_Short text fragments from websites_
=== Begin Enclosure ===

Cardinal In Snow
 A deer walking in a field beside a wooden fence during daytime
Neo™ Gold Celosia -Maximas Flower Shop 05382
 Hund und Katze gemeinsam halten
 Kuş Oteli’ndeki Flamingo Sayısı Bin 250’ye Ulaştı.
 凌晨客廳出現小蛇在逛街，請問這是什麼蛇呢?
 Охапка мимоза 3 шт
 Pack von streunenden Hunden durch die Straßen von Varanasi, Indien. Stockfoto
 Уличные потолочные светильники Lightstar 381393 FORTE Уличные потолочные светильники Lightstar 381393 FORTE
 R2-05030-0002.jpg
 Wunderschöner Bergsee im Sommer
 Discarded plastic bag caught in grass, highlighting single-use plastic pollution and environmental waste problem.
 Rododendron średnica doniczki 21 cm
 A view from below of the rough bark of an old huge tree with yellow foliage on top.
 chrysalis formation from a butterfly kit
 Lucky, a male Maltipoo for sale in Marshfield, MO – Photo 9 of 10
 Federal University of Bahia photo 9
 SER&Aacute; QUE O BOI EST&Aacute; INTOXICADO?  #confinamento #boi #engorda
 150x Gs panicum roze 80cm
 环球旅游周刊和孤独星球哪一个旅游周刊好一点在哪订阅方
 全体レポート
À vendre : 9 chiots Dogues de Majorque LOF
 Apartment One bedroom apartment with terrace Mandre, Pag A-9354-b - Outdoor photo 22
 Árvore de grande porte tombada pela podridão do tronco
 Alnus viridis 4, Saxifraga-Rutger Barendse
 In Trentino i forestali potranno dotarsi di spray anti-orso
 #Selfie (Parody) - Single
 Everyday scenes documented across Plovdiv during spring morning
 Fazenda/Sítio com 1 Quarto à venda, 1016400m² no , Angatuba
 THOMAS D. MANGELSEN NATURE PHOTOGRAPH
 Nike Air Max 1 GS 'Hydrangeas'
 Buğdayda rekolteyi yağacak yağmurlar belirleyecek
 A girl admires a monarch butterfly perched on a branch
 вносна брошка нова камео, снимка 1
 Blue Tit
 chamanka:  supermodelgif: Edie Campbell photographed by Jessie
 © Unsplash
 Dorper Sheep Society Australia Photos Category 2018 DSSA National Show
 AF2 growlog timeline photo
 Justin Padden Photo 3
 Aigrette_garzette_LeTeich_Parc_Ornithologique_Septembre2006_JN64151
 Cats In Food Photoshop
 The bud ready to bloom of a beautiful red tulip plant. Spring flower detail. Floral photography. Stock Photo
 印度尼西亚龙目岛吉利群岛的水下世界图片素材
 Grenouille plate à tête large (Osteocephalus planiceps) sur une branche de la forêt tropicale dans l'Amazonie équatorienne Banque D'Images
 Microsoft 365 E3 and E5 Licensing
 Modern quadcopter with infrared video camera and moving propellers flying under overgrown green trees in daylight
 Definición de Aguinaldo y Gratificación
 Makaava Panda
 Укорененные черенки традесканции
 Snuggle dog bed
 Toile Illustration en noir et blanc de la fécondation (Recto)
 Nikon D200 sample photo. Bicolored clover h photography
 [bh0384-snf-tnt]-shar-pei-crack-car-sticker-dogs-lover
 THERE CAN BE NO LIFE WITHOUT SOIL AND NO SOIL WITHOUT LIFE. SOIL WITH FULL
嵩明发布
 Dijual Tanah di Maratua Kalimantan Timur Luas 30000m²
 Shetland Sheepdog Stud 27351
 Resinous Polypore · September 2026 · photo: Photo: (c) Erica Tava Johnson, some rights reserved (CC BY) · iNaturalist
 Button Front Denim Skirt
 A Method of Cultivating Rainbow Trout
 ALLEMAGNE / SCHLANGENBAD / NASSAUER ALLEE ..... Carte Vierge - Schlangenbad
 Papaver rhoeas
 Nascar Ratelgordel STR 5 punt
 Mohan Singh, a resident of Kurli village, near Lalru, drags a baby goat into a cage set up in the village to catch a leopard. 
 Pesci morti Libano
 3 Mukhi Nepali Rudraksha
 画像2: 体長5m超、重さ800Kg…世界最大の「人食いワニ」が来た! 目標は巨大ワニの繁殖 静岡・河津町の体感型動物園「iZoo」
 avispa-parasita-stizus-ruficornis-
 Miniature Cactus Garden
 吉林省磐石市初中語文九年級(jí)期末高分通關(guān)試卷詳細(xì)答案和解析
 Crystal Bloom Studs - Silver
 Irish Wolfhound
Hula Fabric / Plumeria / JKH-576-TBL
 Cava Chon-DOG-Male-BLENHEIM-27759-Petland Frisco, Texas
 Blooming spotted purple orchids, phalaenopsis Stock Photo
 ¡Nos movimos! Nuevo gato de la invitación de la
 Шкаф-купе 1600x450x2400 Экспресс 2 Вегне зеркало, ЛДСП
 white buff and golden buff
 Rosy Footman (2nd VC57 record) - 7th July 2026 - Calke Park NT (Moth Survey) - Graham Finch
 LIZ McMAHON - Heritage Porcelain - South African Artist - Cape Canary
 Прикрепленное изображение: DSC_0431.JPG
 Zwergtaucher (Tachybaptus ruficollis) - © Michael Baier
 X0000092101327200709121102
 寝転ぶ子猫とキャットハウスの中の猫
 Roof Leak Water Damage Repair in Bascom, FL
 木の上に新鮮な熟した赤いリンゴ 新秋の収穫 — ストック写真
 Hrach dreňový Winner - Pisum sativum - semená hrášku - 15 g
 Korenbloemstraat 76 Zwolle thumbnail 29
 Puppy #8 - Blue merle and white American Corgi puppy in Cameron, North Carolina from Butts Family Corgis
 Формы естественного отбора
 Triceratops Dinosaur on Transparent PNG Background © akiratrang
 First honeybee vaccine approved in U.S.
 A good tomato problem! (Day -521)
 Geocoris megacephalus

=== End Enclosure ===

_The task_
What number of lines above include the string "problem"? State it and nothing else.

_Answer to this exercise_
2